_Your goal_
Keep the text of the data exactly as it is and omit each picture from the copy.

_Information shown_
☆ ☆ ☆ ☆ ☆
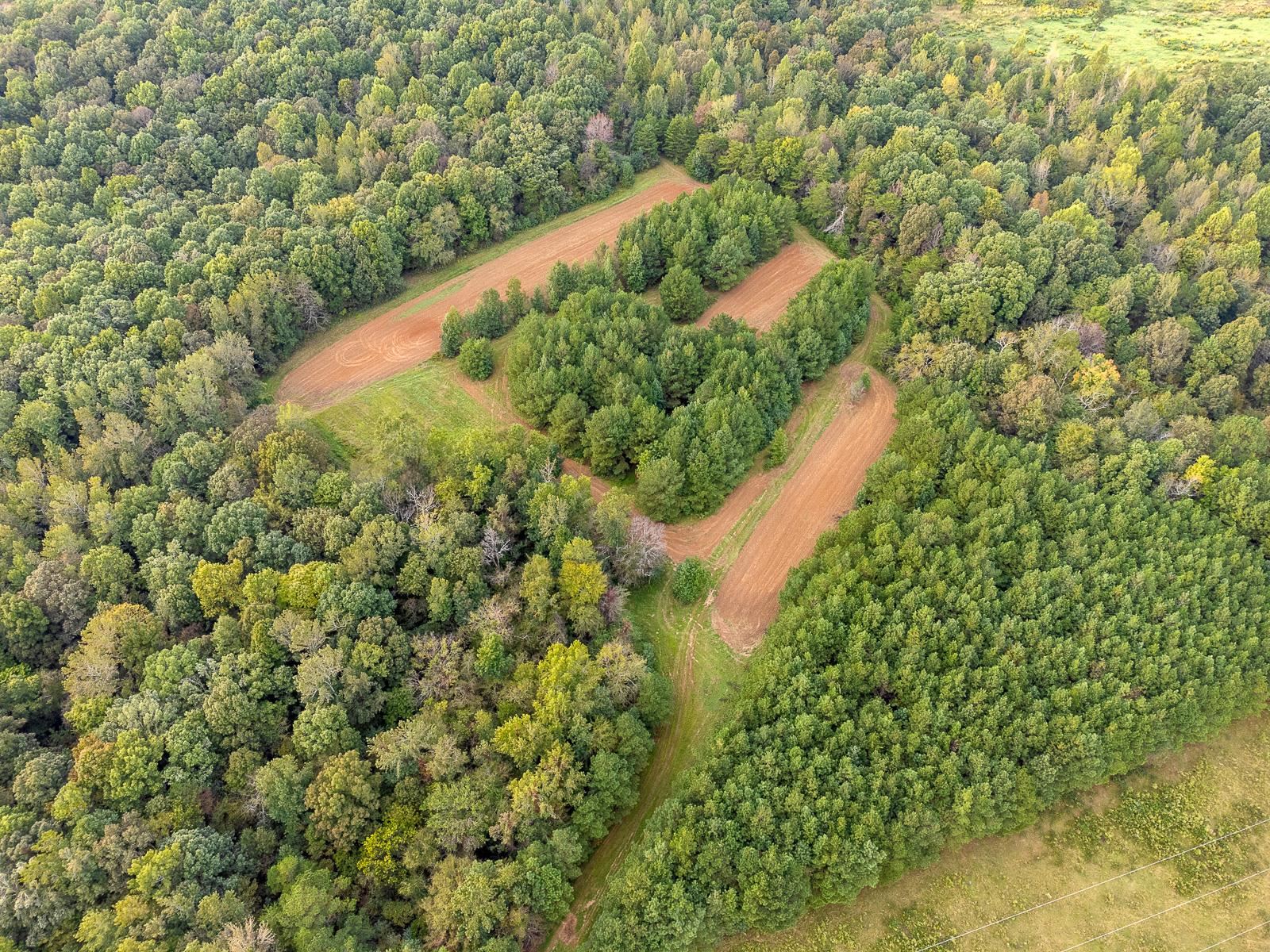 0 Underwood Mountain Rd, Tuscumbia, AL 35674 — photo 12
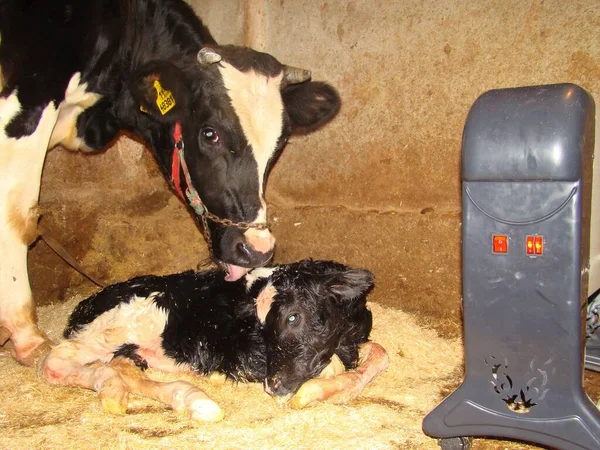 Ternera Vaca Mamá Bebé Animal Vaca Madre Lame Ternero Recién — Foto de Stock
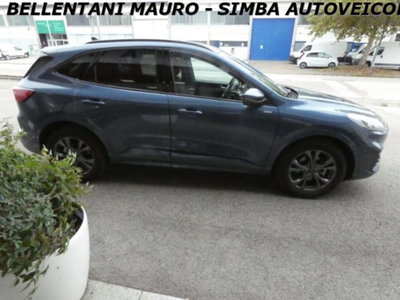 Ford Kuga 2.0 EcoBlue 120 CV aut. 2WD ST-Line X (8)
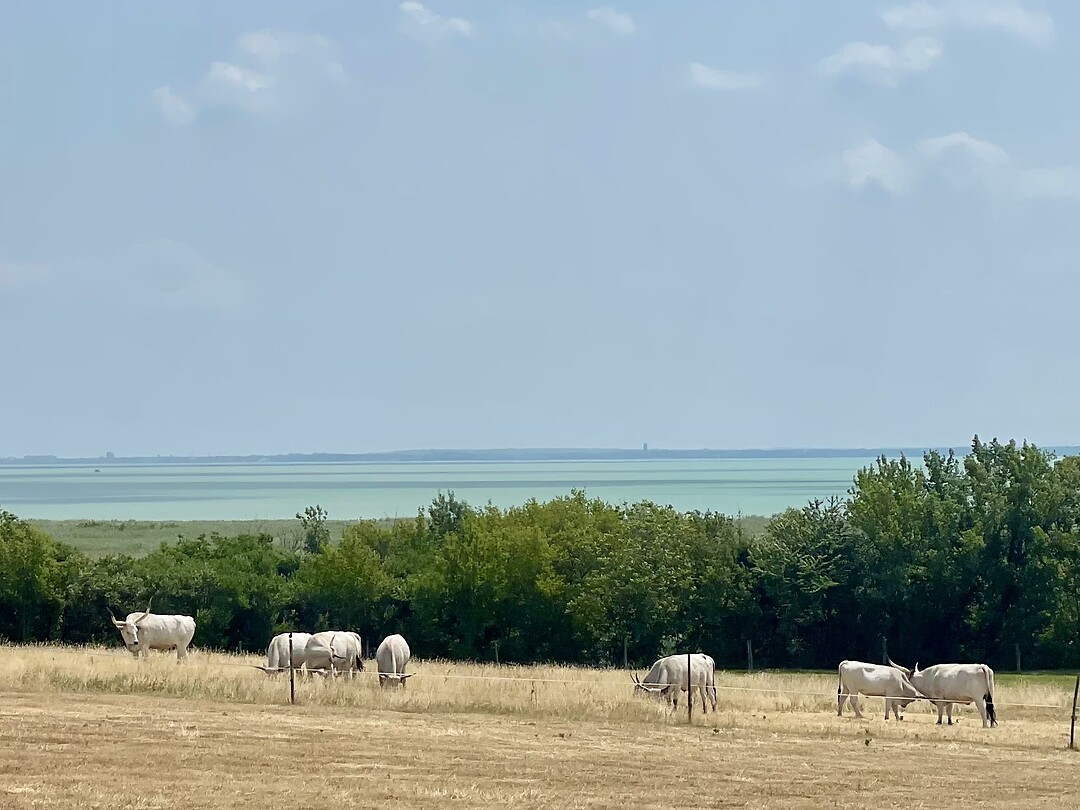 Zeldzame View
☆ ☆ ☆ ☆ ☆
_Reply_
 0 Underwood Mountain Rd, Tuscumbia, AL 35674 — photo 12
 Ternera Vaca Mamá Bebé Animal Vaca Madre Lame Ternero Recién — Foto de Stock
 Ford Kuga 2.0 EcoBlue 120 CV aut. 2WD ST-Line X (8)
 Zeldzame View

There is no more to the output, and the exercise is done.